The release of glTF 2.0 delivers a significant upgrade to glTF 1.0, an extensible, runtime neutral, open standard format for real-time delivery of 3D assets, which describes full scenes with compact transmission and fast load time. In response to major functionality requests from the developer community using glTF 1.0, the release of glTF 2.0 adds Physically Based Rendering (PBR) for portable, consistent description of materials.

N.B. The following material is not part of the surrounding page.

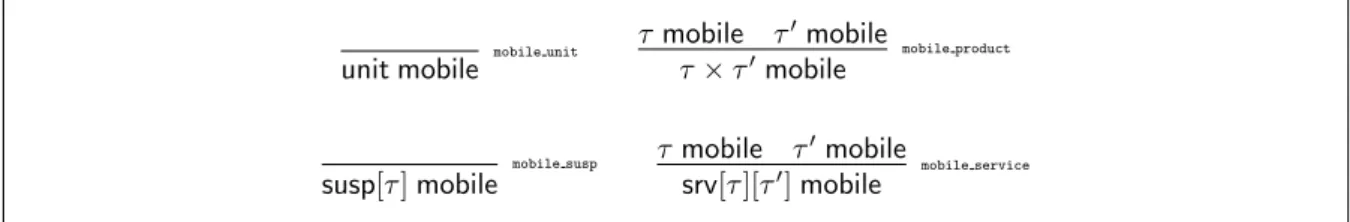 Figure 5: Mobile Types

In glTF 1.0, a material was defined with a GLSL shader, which suited WebGL, but was problematic when importing a glTF model into a Direct3D or Metal application. Through using PBR, visually arresting glTF 2.0 models are now consistently portable to any rendering API. A PBR material is defined by a few concise parameters that can be used to generate shaders for any rendering API. glTF 2.0 defines a simple to implement, but powerful, PBR model that provides high-quality materials, and yet, is scalable to suit the capabilities of different classes of platform and device.

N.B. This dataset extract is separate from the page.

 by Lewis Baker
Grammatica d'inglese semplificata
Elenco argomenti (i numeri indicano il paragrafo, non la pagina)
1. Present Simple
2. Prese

“glTF’s momentum continues to grow, with increasing adoption from tools, players and applications throughout the industry,” said Neil Trevett, Khronos president and glTF Chair. “In February we released the glTF 2.0 developer preview and made an open call for feedback. Since then we have had enthusiastic community input that has significantly influenced our preparation for the final spec release. We now look forward to a continued industry engagement to expands glTF’s capabilities - for example with advanced texture and geometry compression extensions. We believe that glTF 2.0 will help the industry move towards PBR-based materials in many application areas.”
Many engine developers have already started transitioning to glTF 2.0 to reap performance, portability and quality benefits, including BabylonJS, three.js, Cesium, Sketchfab, and xeogl and instant3Dhub engines. glTF 2.0 is also seeing industry support by companies such as Adobe, Google, Marmoset, Microsoft, NVIDIA, Oculus, UX3D, and more as well as prominent universities such as, University of Pennsylvania and Sapienza University of Rome.

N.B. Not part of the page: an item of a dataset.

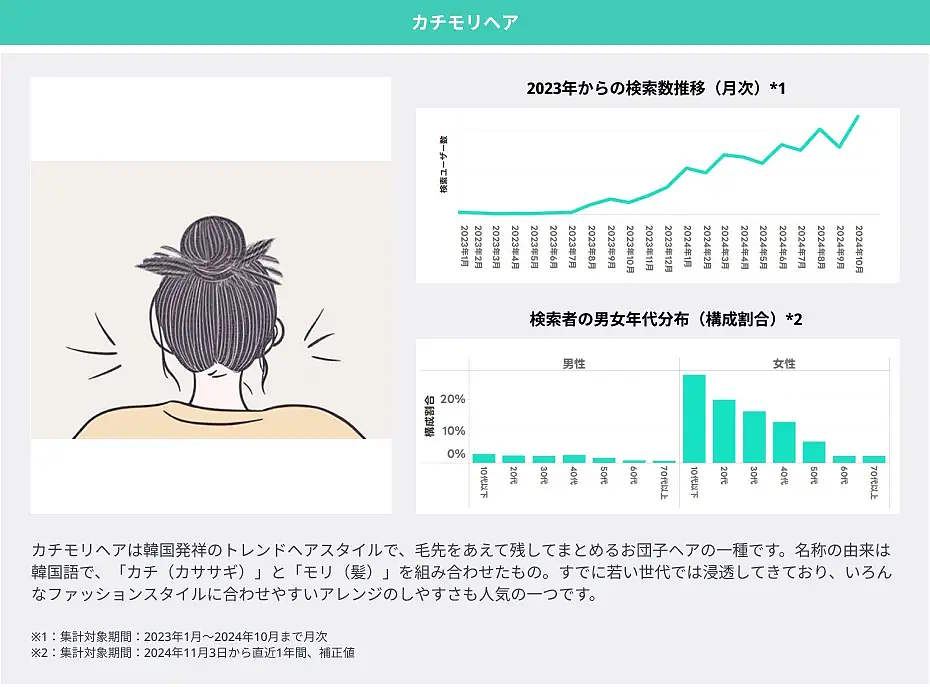 カチモリヘアについて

Khronos, the glTF working group and the developer community have created an ecosystem of tools and sample codes including several glTF 2.0 sample models, from simple boxes to complex models with PBR materials, skins and morph targets, all available to help engine developers implement glTF 2.0. There is also a validation tool to let exporter developers confirm that they are generating valid glTF 2.0 models, and to let engine developers know that they are consuming valid 2.0 models.
The new specifications for glTF 2.0 can be found at GitHub.
Including the addition of PBR-based materials, glTF 2.0 is a stable base for the future and will support practical runtime implementations for many graphics APIs. It includes updates to improve consistency, API-neutrality, and performance and will enable the industry to move to PBR material models.